Problem: Please reproduce all of the listing below exactly and drop its images.

Recorded information:
════════════════

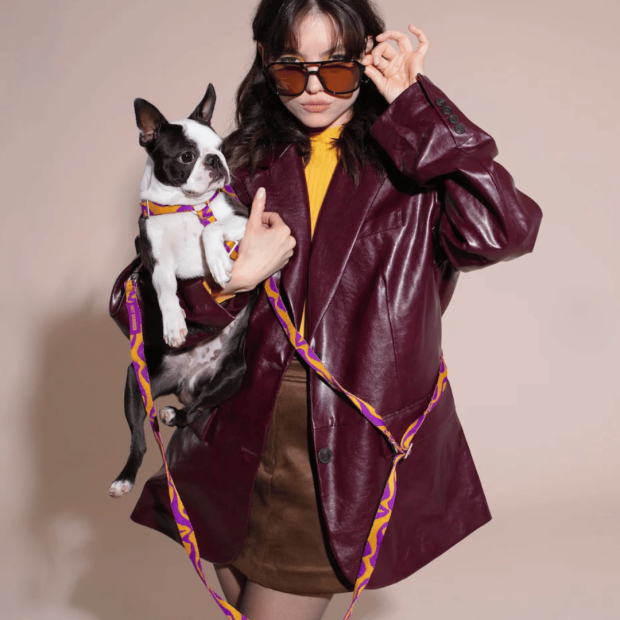 Laisse Mains Libres Chien Bonny Plum Hot Doggies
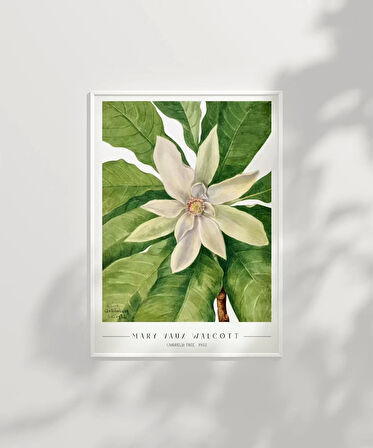 Çerçevesiz Poster Mary Vaux Walcott Umbrella Tree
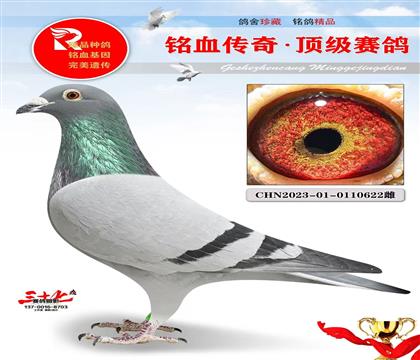 ����³ȫ���ھ�ֱŮ��Ҽ�Ÿ���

════════════════

Final answer:
 Laisse Mains Libres Chien Bonny Plum Hot Doggies
 Çerçevesiz Poster Mary Vaux Walcott Umbrella Tree
 ����³ȫ���ھ�ֱŮ��Ҽ�Ÿ���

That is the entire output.